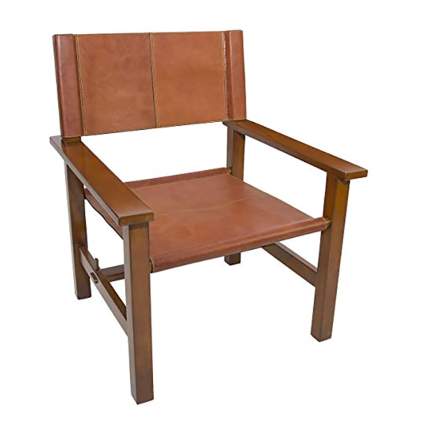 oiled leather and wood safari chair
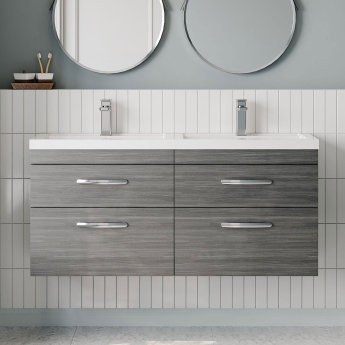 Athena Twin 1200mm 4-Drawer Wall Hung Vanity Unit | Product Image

============

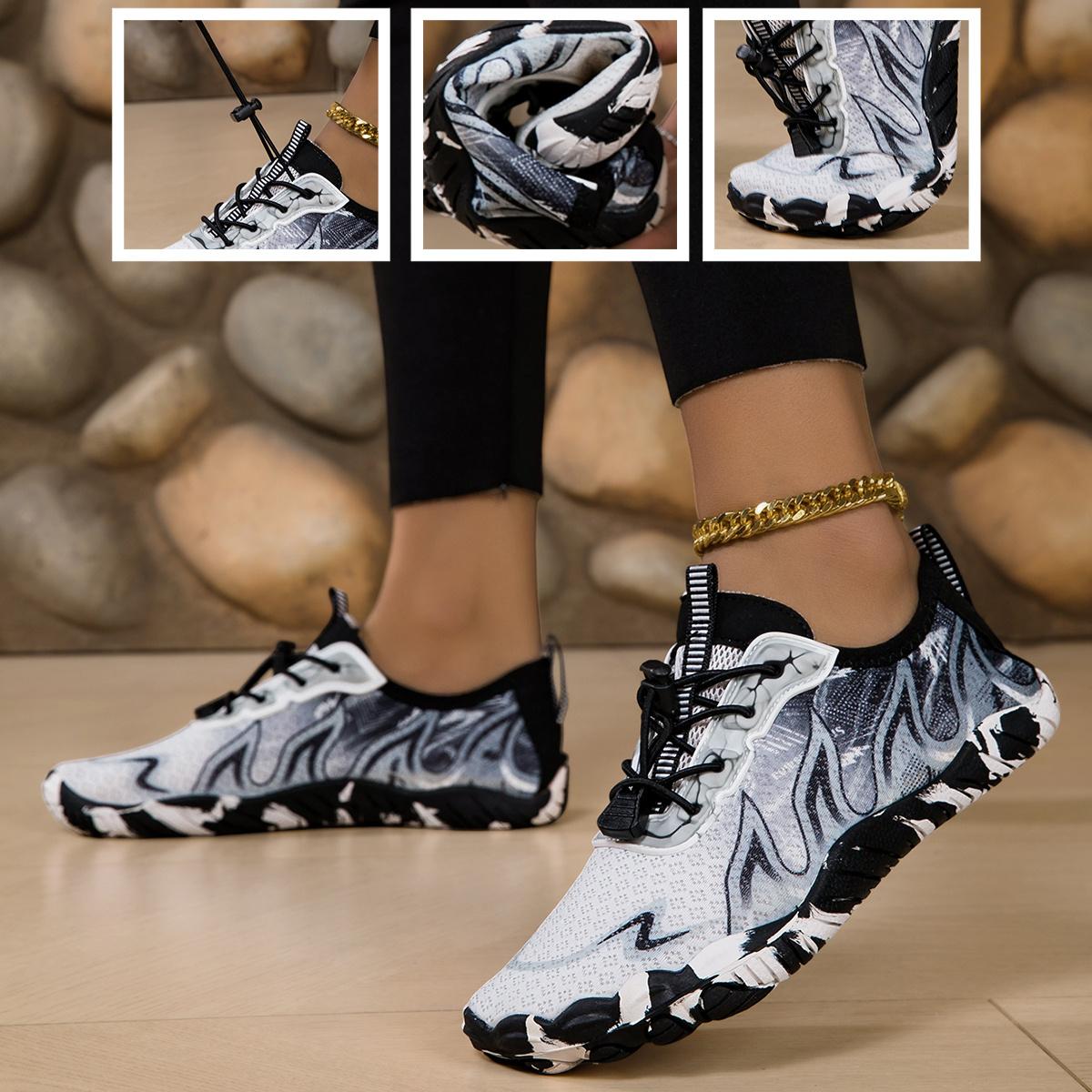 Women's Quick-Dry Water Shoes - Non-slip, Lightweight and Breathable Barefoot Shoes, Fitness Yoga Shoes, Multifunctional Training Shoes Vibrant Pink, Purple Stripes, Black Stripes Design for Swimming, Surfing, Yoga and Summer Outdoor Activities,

============

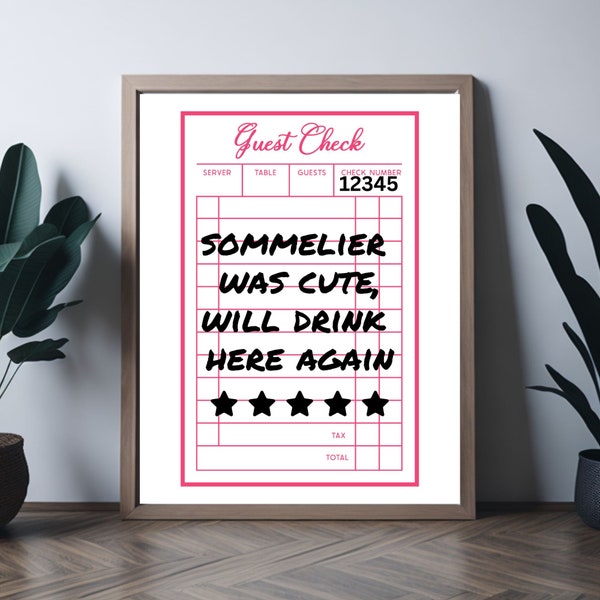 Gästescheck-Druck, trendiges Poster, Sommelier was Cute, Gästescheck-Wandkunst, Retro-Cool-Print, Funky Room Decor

============

In the listing above, find the line containing "oiled leather and wood safari chair" and the line containing "Athena Twin 1200mm". Reproduce those lines and all between them exactly, with no pictures and nothing more.

 oiled leather and wood safari chair
 Athena Twin 1200mm 4-Drawer Wall Hung Vanity Unit | Product Image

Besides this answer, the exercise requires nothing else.